● WHAT YOU SHOULD DO
Everything from the line that contains "アクアフィリング除去後の脂肪注入豊胸モニター様1か月後" to the final line of the data, both ends included, must be set down exactly, apart from the pictures.
START MATERIAL PROVIDED
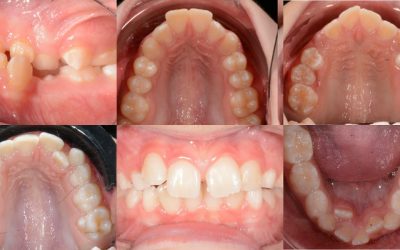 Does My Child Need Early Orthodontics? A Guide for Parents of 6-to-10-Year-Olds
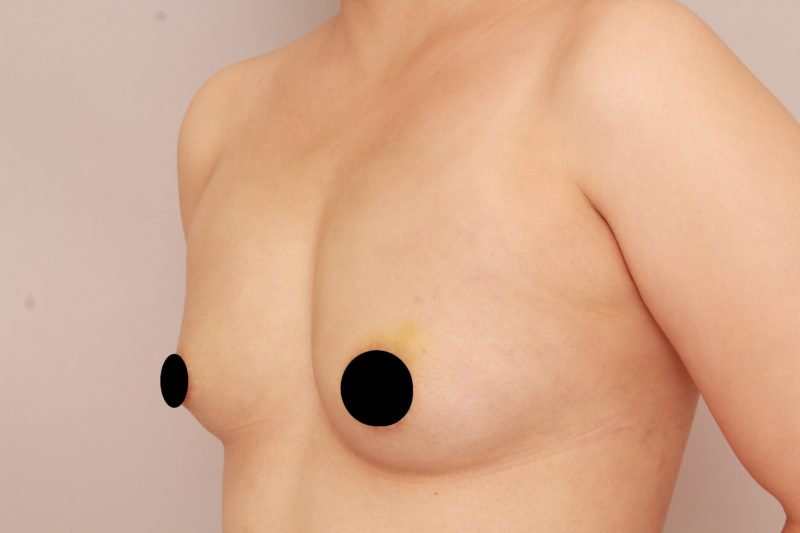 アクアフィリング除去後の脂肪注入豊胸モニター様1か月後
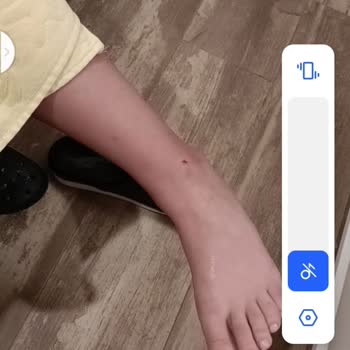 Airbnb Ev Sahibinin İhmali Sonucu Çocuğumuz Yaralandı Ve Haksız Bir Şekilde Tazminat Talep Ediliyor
END MATERIAL PROVIDED
● RESPONSE TO THE TASK
 アクアフィリング除去後の脂肪注入豊胸モニター様1か月後
 Airbnb Ev Sahibinin İhmali Sonucu Çocuğumuz Yaralandı Ve Haksız Bir Şekilde Tazminat Talep Ediliyor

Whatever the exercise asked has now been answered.